The post covers the last two and a half days based in Kununurra where visited areas close to the town, Lake Argyle and the outskirts of Wyndham.

 

On the first morning in the Kununurra area we took a boat trip on Lake Argyle. Compared to the birding we had been doing onshore, it was relaxing and cool. A most pleasant experience.
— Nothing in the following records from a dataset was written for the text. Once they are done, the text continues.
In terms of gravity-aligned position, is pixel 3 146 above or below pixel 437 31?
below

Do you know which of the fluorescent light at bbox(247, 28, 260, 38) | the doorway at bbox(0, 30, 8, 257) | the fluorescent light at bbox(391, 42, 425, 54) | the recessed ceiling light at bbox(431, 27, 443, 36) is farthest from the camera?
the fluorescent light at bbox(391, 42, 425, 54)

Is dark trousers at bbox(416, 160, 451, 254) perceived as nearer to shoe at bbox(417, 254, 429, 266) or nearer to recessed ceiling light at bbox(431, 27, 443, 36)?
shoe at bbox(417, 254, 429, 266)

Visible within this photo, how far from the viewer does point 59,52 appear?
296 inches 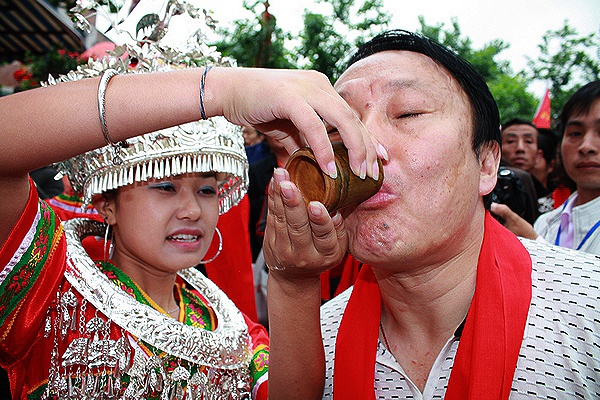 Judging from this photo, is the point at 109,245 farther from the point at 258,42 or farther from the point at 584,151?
the point at 258,42

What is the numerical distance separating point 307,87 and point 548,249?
3.94ft

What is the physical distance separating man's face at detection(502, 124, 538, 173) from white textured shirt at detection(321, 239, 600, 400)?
4192 millimetres

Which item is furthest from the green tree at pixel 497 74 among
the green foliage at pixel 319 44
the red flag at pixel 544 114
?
the red flag at pixel 544 114

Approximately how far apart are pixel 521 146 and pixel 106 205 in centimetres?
499

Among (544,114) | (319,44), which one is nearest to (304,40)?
(319,44)

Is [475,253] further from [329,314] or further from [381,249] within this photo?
[329,314]

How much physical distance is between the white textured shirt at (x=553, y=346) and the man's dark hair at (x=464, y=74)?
0.52 metres

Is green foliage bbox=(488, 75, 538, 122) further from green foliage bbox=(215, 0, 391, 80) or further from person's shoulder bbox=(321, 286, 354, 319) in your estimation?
person's shoulder bbox=(321, 286, 354, 319)

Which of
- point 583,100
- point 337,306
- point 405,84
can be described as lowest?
point 337,306

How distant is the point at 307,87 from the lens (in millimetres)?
1107

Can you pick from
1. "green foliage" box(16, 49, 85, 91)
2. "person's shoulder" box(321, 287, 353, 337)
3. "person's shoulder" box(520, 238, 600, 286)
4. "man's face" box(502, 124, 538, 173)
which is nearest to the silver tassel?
"person's shoulder" box(321, 287, 353, 337)

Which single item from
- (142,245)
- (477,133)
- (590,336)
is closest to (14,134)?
(142,245)

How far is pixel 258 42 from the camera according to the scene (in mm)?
14461

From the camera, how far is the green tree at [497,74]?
27.0m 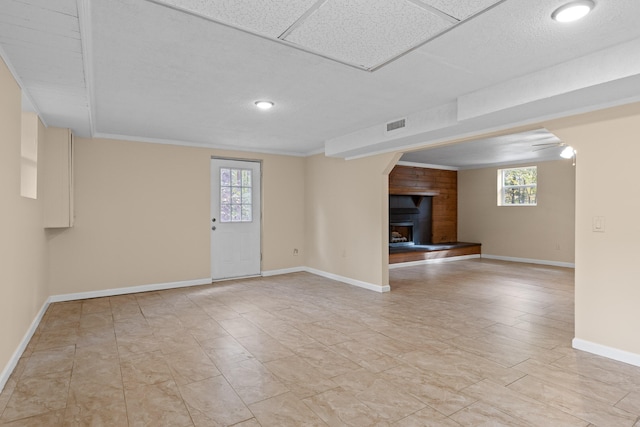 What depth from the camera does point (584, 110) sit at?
2939 millimetres

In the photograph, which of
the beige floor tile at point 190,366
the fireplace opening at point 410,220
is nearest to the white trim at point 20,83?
the beige floor tile at point 190,366

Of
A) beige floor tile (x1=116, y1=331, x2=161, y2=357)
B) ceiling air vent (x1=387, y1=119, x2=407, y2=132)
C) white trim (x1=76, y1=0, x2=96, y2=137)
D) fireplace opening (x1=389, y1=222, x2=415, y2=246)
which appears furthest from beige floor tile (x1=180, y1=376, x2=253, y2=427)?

Lake Argyle is a man-made reservoir a short distance from the town and is one of the largest bodies of freshwater in Australia.

 

We expected to see Little Pied Cormorants …

 

… and Australian Darters …

 

…. but were not expecting a Black Bittern, a species normally confined to dense waterside vegetation and not rocky slopes.

 

The shallow, vegetated areas were full of birds: Magpie Geese, Wandering  Whistling Duck, Glossy Ibis, Pied Heron and Intermediate Egret in this photo alone.

 

The boat took us near an island where a pair of Black-necked Storks were nesting.

 

The male (identified by its dark iris) was on the nest ….

 

…. and hunkered down as we passed.

 

The female, with a yellow iris, was feeding nearby.

 

In the waterside vegetation we had good views of a Baillon’s Crake (a bird that occurs in Europe and may even have bred in Britain, but is normally very hard to see) …

 

… and the rather more showy White-browed Crake, which occurs in much of SE Asia, New Guinea, northern Australia and some Pacific islands.

 

Comb-crested Jacanas showed off their combs …

 

…. whilst White-breasted Woodswallows collected nesting material.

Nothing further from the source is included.